Professor pk langshaw, Department of Design and Computation Arts, Faculty of Fine Arts at Concordia University strives to facilitate fluid models of knowledge acquisition in design education. langshaw re.searches a poetic/political language for designing, feminist and interventionist as socio.cultural.environmental en.vision.ing. interested all things verse : diverse, reverse, inversion, transversal, and reversible, the hybrid works are mediated by traditional and digital mediums to in.form garment making, poems, bookworks, and performative events. langshaw has been instrumental in driving socio.cultural.environmental sustainability in the design&computation arts programs, faculty of fine arts, and university wide. her research/creation is intrinsically interconnected and relational to teaching and service.

For a description of her full works, consult her presentation brief here

lead coordinator, Claire Lecker

Claire holds a BA in Communications from Concordia, and has returned to the university to complete a BFA in Design, pursuing her interest in the creation of objects and the built environment.
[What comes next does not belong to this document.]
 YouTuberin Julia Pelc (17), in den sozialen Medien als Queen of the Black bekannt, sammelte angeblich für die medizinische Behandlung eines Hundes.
She is particularly interested in the potential of design in sociocultural and environmental sustainability and social innovation. In her design work she takes a playful approach, searching for a balance between pleasantly unpredictable outcomes and reproducibility.
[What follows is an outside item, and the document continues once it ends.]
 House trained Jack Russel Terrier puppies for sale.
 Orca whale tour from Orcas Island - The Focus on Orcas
Coordinator, Elisabeth Bureau

As a BFA design student at Concordia University, Elisabeth’s work revolves around 3D creation through objects, textiles, and physical and digital spaces. She nourishes an interest for narrative installations and immersive scenography. The relationship between humans and their environment is a recurrent theme throughout her practice. Along with her fellow teammates, she was awarded the Collaborative Research Creation Award at FLUX 2022 for the Design + Disappear project. While still trying to find her voice as a designer, she considers sustainability in all its aspects as an essential starting point for the development of futur creative practices.

Coordinator, Sarah Hontoy-Major

As a current computation arts undergraduate student, Sarah works to intertwine her knowledge from past degrees in fashion design and international politics into technological artistic approaches. Her main focus reside in computational physics mixed with real-life materials and practices, as well as the use of data as an artistic and social medium, to convey ideas and critics of the future of digital and social sustainability. She was awarded the Inclusivity Award at the FLUX 2022 for her Femme digital sculpture art piece.
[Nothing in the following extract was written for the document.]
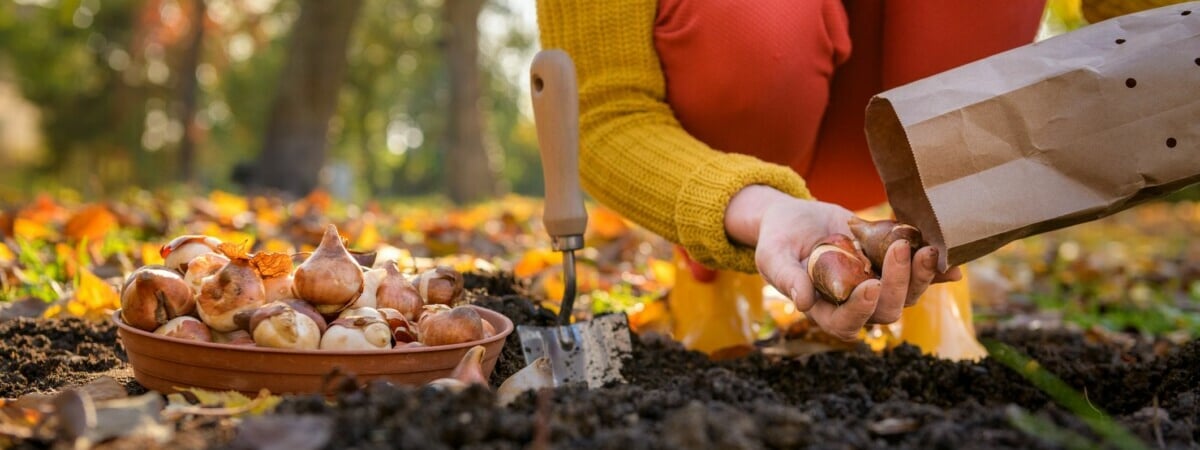 Когда высаживать луковичные цветы осенью? Добавьте это в лунки к тюльпанам, чтобы весной цвели дольше — Полезно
Coordinator, Patrizio McLelland

As well as being a Research Assistant with IDEAS-BE (Integrated Design Ecology and Sustainability for the Built Environment) since 2020, Patrizio is currently working towards a BFA in Design. A passionate artist, musician, and learner, he is striving to find interconnection between sustainability, and our shared spaces of civic life. He received the People’s Choice award at Citéstudio’s Voila! showcase and was awarded, as part of a team, the Collaborative Research Creation Award at FLUX 2022. His work has also been on display at the Visiones Sonoras music & technology festival, in Morelia, Mexico.